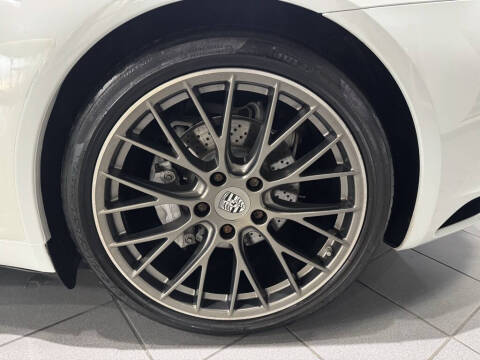 2019 Porsche 911 Carrera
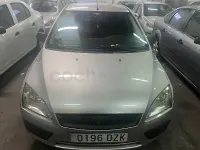 Usado Ford Focus Ghia 115 CV (84 kW) 2006 Gris / plata Berlina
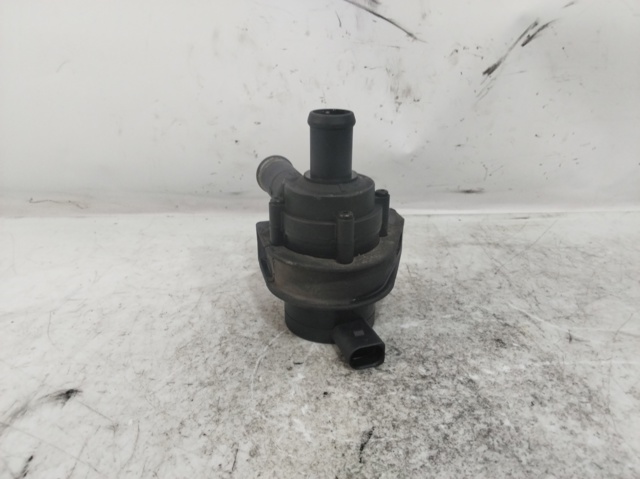 VAG 1K0965561F Bomba de agua eléctrica auxiliar  disponible Lugo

## [Task details]
Write out the listing word for word, omitting the pictures it holds.

## [Expected output]
 2019 Porsche 911 Carrera
 Usado Ford Focus Ghia 115 CV (84 kW) 2006 Gris / plata Berlina
 VAG 1K0965561F Bomba de agua eléctrica auxiliar  disponible Lugo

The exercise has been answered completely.